真夜中のドロップアウトカウボーイズ@別館
ピンク映画は観ただけ全部感想を書く、ひたすらに虚空を撃ち続ける無為。
 



 「人妻ドラゴン 何度も昇天拳」(2017/制作:オフィス吉行/提供:オーピー映画/監督:吉行由実/脚本:吉行由実/撮影:藍河兼一/録音:大塚学/音楽:柿崎圭祐/編集:中野貴雄/助監督:江尻大/アクション監督・脚本:小田歩/整音:西山秀明/効果:うみねこ音響/グラフィック:竹内雅乃/タイトル:佐藤京介/スチール:本田あきら/アクションスタント:翔空手道スタントティーム 北岡剣山・北岡あい/監督助手:増田秀郎/撮影助手:赤羽一真・真木千鶴/ポストプロダクション:スノビッシュプロダクツ/仕上げ:東映ラボ・テック/協力:松岡邦彦・泉正太郎・翔空手道クラブ、もう一名/挿入歌:「Death and Axes」/出演:二階堂ゆり・和田光沙・冴島エレナ・Nick Puma・Mark Chinnery・Eduardo Ferrada・Nicolas Alexis・Sergey Viasov・Iolanda Santos・国沢実・泉正太郎・白石雅彦・岡元あつこ《友情出演》・竹本泰志・柳東史・樹カズ)。出演者中Eduardo Ferradaから国沢実までと、泉正太郎・白石雅彦は本篇クレジットのみ、絶妙な情報量に屈する。
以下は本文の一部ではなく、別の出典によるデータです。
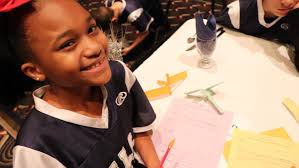 Boys & Girls Clubs receives $110,000 grant for afterschool programs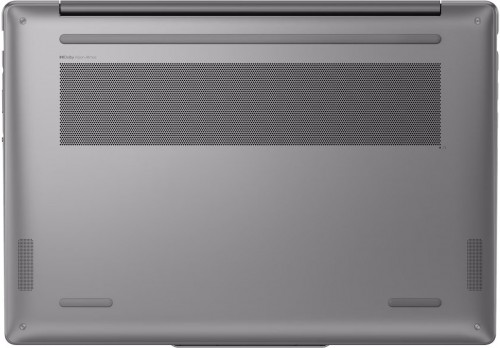 Lenovo Yoga Slim 7 14ILL10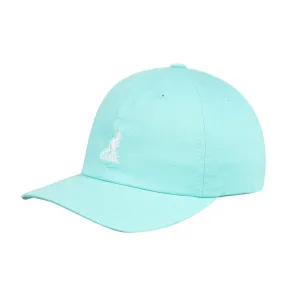 KANGOL WASHED BASEBALL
 凄え!デン・デン・デン・ヒャヒャヒャヒャーン、長方形三つで“Y”の字を形作る、ゴールデン・ハーベストを完コピしたオフィ行ロゴが超絶カッコいい。銅鑼の音一閃、案外どころでなくアッサリしたタイトル・イン。明けてフィルム風の画像処理もキメッキッメに飛び込んで来るのは、バタフライマスク着用の北岡あい。如何にもそれらしき劇伴がドンガドンガ爆音を鳴らす中、切れ味鋭い空手の演武にジャンジャカ叩き込まれるオープニング・クレジットも完璧、吉行由実の“導演 脚本”クレジットに痺れる。
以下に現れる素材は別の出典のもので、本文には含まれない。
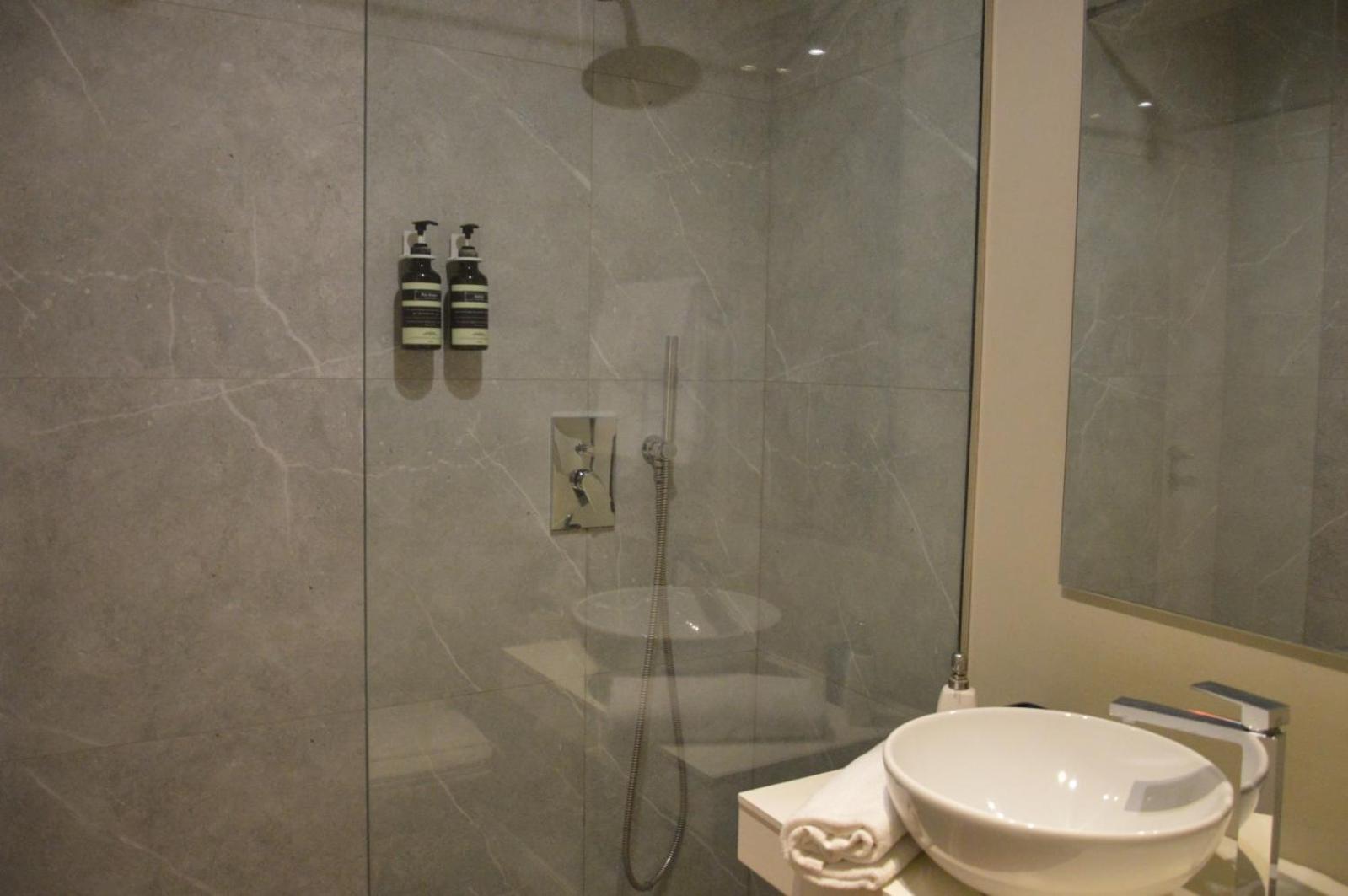 Le 4 Leggende Bed & Breakfast Catania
 俳優部の先陣を切るのは、カメオがまさかの岡元あつこ。アパート前の掃き掃除に精を出す桜木玉仙(岡元)は、何しに日本に来たのか不明なイケメン米国人ナード・ダニエル(Nick Puma)のゴミ出しにダメ出しする。その場に顔を出した同じ「小河原ビル」の住人・宮城マヤ(二階堂)が、面倒臭い人間に絡まれてゐるダニエルに助け舟を出すと、実は霊視能力を有する占ひ師とかいふ素性を後々明らかにする玉仙が今度は、マヤとダニエルに強い縁“パワー”を感じると目を爛々輝かせる。ものの、マヤは遅れて現れたDV彼氏・悦史(柳)にカッ浚はれる。ヤナーギーの、フラワーに片足突つ込んだオラオラ造形は安定してゐる。
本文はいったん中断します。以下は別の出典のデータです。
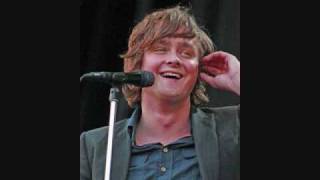 Tom Chaplin so sweet River flows in you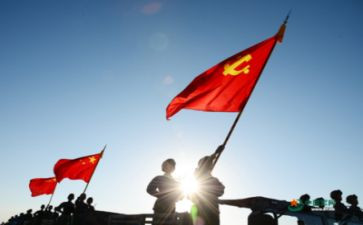 国防教育心得体会1500字7篇
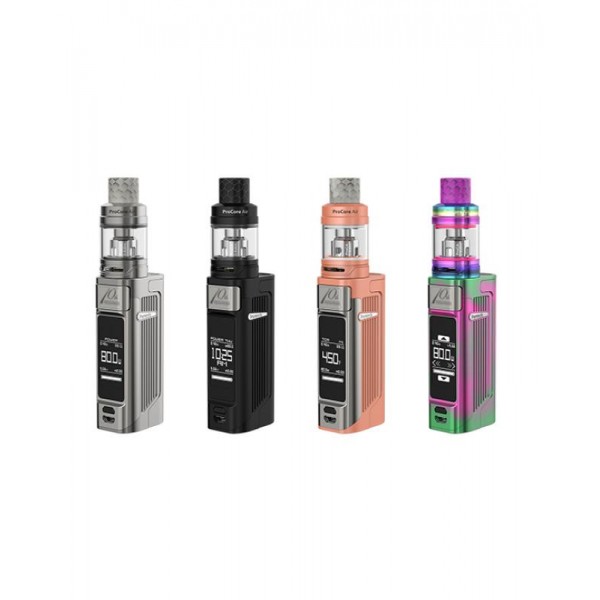 Joyetech Espion Solo...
 配役残りMark Chinneryは、カンフー映画、とりわけJAC(現:JAE)好きが昂じて来日したダニエルの友人・ニック、行間埋め係。竹本泰志はマヤの父親にして、ニックが入門する白鶴流空手の十四代宗家・長賢。和田光沙は白鶴流目下一番弟子の友里恵で、その他道場要員は北岡剣山・あいに五段を所持する小田歩をも含めた翔空手道クラブの皆さん、小田歩は海外で師範代を務めてゐた模様。そして泉正太郎が、道場に長賢を見るから怪しげな風情で訪ねる謎の男。白石雅彦は、マヤ・ミーツ・悦史の噛ませ犬となる酔つ払ひ。白石雅彦を瞬殺するも、悦史に強い女は嫌ひだと梯子を外されたマヤが、以来空手を捨てる不自然な因縁。冴島エレナは、マヤが掃除婦のパートに憂身をやつしてゐる間に、悦史が連れ込む浮気相手・春奈、惚れ惚れするほど綺麗なヒット・アンド・アウェイを披露する大絶賛濡れ場三番手。JCVDに通ずる凄味のある色気を爆裂させる樹カズが、白鶴流に敵対する悪の空手組織「黒蛇会」のボス・高山。Eduardo Ferradaから国沢実までは黒蛇会の構成員、多国籍部隊に国沢実を潜り込ませる配役センスが絶品。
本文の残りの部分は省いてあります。